When asked of my plans I had no real idea and would have been happy with anything between 3:15 and 3:30. I only had started feeling okay again a few days ago following the 100k in Portumna and hadn't done a lot of running in the meantime, at least by my standards. I therefore positioned myself a good bit behind the 3:15 pacers and then we set off.
I took it very easy during the first mile and then gradually, almost imperceptibly, accelerated a bit. Before I knew it I was alongside the 3:15 pacers and had a little chat with Alan before heading off, hoping that his call of "see you later" would come true after I had crossed the finish line, not several miles beforehand.
The course criss-crossed the city of Waterford for the first 8 miles in a seemingly random fashion, taking in a few hills, but nothing major, or at least certainly nothing that would have felt like a major hill so early in the game. I noticed that I kept storming past dozens of runners, especially on the uphills, and quietly wondered if I was running a bit too fast.
This was not a goal race of mine but the last long training run before Belfast. The idea was to run it at 95% effort, injecting a good workout into the leg muscles without destroying them. When I checked the HR I was a bit surprised to see the numbers in the high 150s, even low 160s on some climbs. That wouldn't be alarming, but in the last few months, since I started doing all those long runs, I have never really managed to get the HR up into those levels, except when climbing really steep mountain trails. I dialled the effort back a smidgen but still kept moving up the field.

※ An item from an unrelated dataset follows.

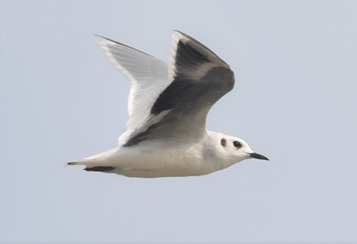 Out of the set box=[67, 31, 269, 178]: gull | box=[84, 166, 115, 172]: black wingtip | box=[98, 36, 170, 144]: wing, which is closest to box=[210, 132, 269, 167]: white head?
box=[67, 31, 269, 178]: gull

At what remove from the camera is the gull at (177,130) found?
397 inches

The half marathon and full marathon runners had started together, which is why there were plenty of runners around me and catching them one by one was great fun and kept my spirits high during those early miles. We finally turned away from Waterford heading into the countryside after 8 miles, and the support from the sidelines reduced to virtually zero. But I kept seeing enough runners ahead of me to keep the chase and the fun going. I just managed to catch up to a reasonably big group at mile 10 when the half-marathon runners finally split off and every single runner near me went the other way. I went from being surrounded by a dozen runners to being completely on my own in an instant. The next marathon runner was at least a minute ahead of me and I only saw him on a long stretch of straight road, apart from that I might as well have been on a training run, albeit one with regular water stations.

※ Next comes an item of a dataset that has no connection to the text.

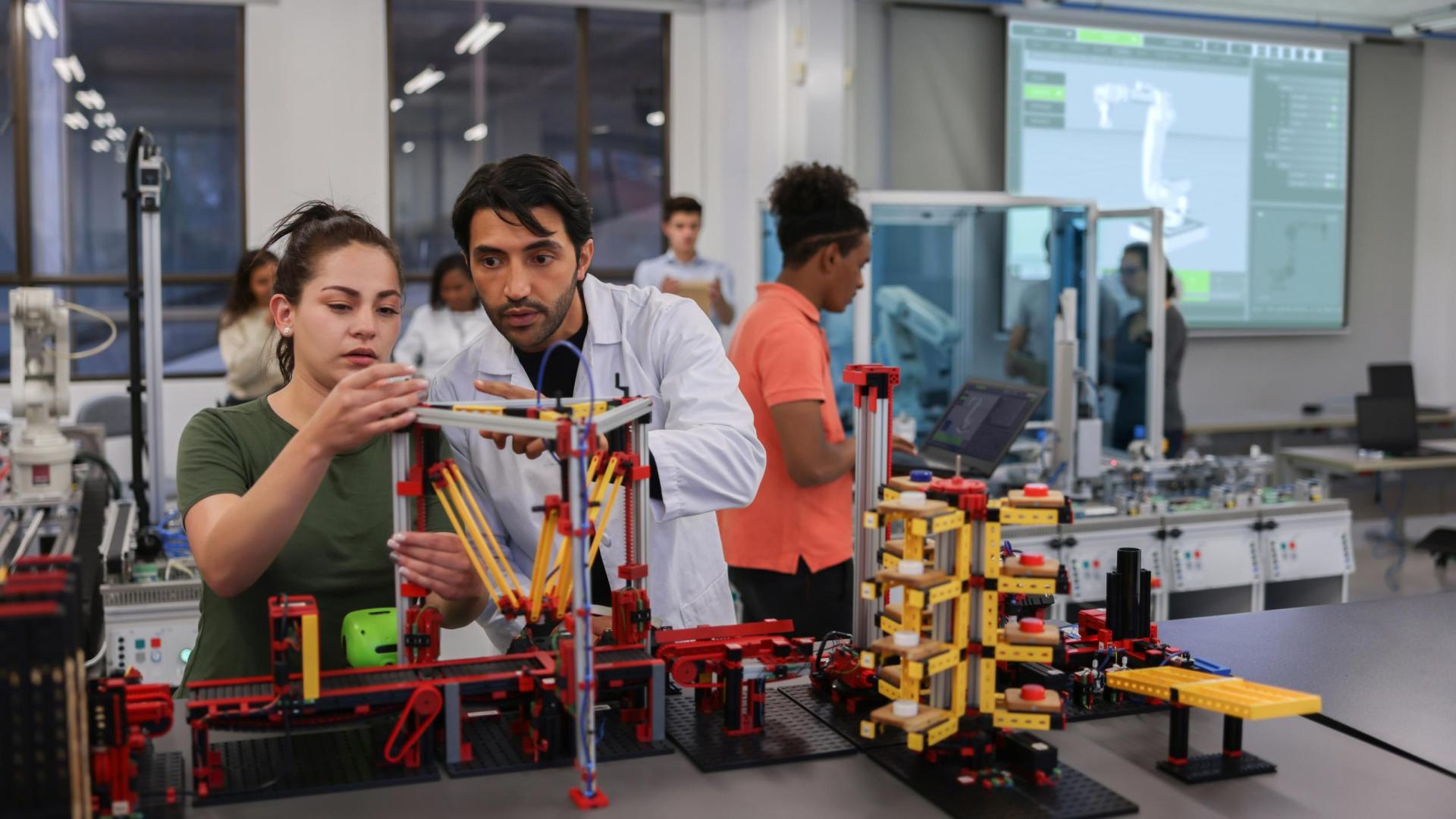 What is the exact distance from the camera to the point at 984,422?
2990 mm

At the 10-mile marker my Garmin showed 10.1 miles, a fairly normal reading in a marathon. However, the 12-mile marker came into view much too early and I passed it with only 11.67 miles on the Garmin. I wasn't particularly bothered, I have seen a lot of misplaced mile markers over the years. However, it did not correct itself by mile 13 or at the timing mats at halfway. Indeed, when one of the 3-hour pacers who had finished his job and handed over duties at that point, asked me what the mileage was on my Garmin (12.9), it confirmed to me that I wasn't the only one who had noticed that something was amiss here.
Nevermind, I still had my race to run and made it into Tramore, which eventually appeared another mile later. It was good to have some support again from the sidelines. I still felt mostly good and fresh, but my right hamstrings and glutes were a bit tight, which was a bit of a pain in the arse. It did not affect my running pace and not my enjoyment either. Somewhere around the 15 mile mark I saw race leader and serial marathon winner Gary O'Hanlon come the other way looking good and with a respectable lead on his pursuers as I headed towards the promenade.
This was probably the stretch I enjoyed the most, the place was buzzing with loads of spectators giving generous applause, the weather was nice without being too hot (just about) and I enjoyed running along the seaside. I had never been to Tramore but it sure is a very nice place in a lovely setting.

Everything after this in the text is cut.